Highway in Kuala Lumpur, Malaysia

Jalan Syed Putra (formerly Lornie Drive), Federal Route 2 is a major highway in Kuala Lumpur, Malaysia. It was named after Almarhum Tuanku Syed Putra ibni Almarhum Syed Hassan Jamalullail of Perlis, the third Yang di-Pertuan Agong, which used to reside at Istana Negara which lies at one end of the highway.

Jalan Syed Putra was known as Lornie Drive during the British administration. It was named after James Lornie, one of the British Residents of Selangor in the 1920s. Lornie was also the president of the Royal Selangor Golf Club in 1926.

==Landmarks==
At the eastern end of the highway is Wisma Tun Sambanthan, which stands tall over the rest of the structures in the area. Surrounding the building are small banks and offices including the Darul Takaful Finance Area (formerly the UMBC Bank building), the former Sime Darby Securities office, and the Kuala Lumpur & Selangor Chinese Assembly Hall (KLSCAH).

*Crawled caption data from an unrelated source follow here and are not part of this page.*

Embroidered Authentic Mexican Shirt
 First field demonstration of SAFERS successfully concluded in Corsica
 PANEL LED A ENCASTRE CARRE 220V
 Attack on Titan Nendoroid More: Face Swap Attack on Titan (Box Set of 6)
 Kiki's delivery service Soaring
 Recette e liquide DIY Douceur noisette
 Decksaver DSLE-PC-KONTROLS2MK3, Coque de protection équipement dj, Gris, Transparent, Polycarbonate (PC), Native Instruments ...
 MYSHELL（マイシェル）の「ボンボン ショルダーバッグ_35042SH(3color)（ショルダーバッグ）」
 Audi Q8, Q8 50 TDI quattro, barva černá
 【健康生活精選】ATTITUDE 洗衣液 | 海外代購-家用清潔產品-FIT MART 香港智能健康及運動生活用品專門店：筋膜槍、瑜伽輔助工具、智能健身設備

Kuen Cheng High School, one of the country's Chinese independent high schools, sits next to the former Istana Negara, which is located in between Jalan Syed Putra and Jalan Istana. There are two Chinese temples along the road including the Yuen Tong Chee, and the road leading up to the Thean Hou Temple.

Further down the highway sits the KEMAS training centre that is facilitated by the Rural and Regional Development Ministry. The headquarters of the Selangor and Federal Territory Family Planning Association and the Malaysian International Youth Home are also along the road.

The Mid Valley Megamall sits at the western end of the highway, just before the intersection to Jalan Klang Lama and the E10 New Pantai Expressway.

==Infrastructure==
Along the highway runs Klang River, which has now been paved to support heavy monsoon rain and modern development.

Jalan Syed Putra is now connected to Jalan Tun Sambanthan through different roads while before it was only connected through a bridge across the Klang River.

== Junction lists ==
The entire route is located in Kuala Lumpur.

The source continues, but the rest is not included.